In the structural representation of the second preferred embodiment of Website testing system of the present invention shown in Figure 5, acquisition module 1 comprises judging unit 11 and acquiring unit 12.Whether judging unit 11 is used for login test website, obtains the HTTP packet that all the machine network interface cards receive, send from described test website according to the described HTTP packet of the Host determined property of described HTTP packet, produces judged result; Acquiring unit 12 is used for according to described judged result, obtains the identification information in the message that sends described test website.After logging in the test website, the machine network interface card will receive outside HTTP packet, wherein have from the test website and send, also have and send from non-test website, whether judging unit 11 sends from the test website according to the Host determined property HTTP packet of the HTTP packet that receives, as sending 12 identification informations that obtain in the message of acquiring unit from the test website from the HTTP packet, as not being to send from the test website, 12 of acquiring units abandon this HTTP packet.Arranging like this can greatly reduce the workload that identification information obtains, and avoids obtaining wrong identification information.
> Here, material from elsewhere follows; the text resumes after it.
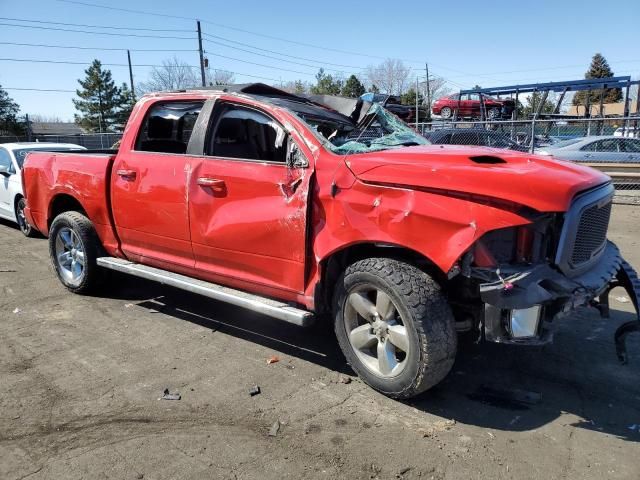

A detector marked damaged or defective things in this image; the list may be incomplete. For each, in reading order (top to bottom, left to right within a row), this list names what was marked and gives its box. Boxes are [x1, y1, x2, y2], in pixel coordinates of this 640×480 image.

shattered windshield [300, 104, 430, 155]
crumpled hood [344, 144, 608, 212]
damaged front bumper [476, 242, 640, 362] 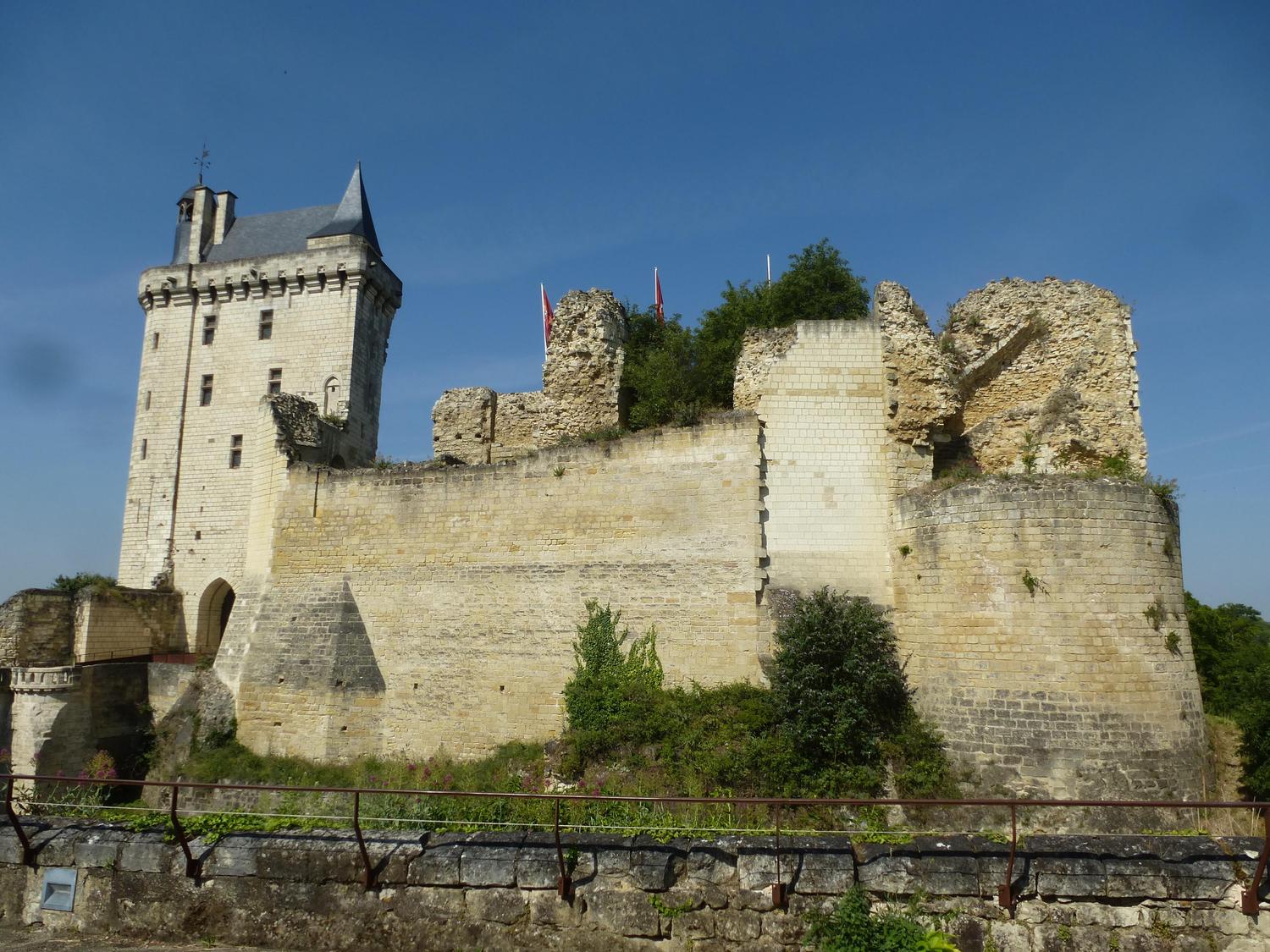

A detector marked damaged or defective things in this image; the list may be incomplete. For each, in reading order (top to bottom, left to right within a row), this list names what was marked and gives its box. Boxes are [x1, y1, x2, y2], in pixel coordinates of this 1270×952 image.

In the structural representation of the 3rd preferred embodiment of Website testing system of the present invention shown in Figure 6, test module 2 comprises structural unit 21 and test cell 22.Structural unit 21 is used for according to described identification information structure HTTP packet; Test cell 22 is used for sending access request to described test website to obtain website test data according to described HTTP packet.Structural unit 21 constructs the HTTP packet by identification information so that test cell 22 can utilize website logo information to forge log-on message of website, thereby walks around the process of input validation code, so that the website automatic test is carried out.
Preferred embodiment as Website testing system of the present invention, when Cookie is used in described test website, obtain described identification information in the cookie information of acquiring unit 12 from heading, structural unit 21 uses described identification information to consist of Cookie attribute information in the heading of described HTTP packet; When Cookie was not used in described test website, acquiring unit 12 obtained described identification information from the Accept information of heading, and structural unit 21 uses described identification information to consist of Accept attribute information in the heading of described HTTP packet.May setup and use Cookie and do not use two kinds of settings of Cookie for the website, adopt obtaining and using method of different identification informations.Concrete implementation is referring to above-mentioned relevant website testing method.So namely realized the website test to the automation of use and the different test website of not using Cookie.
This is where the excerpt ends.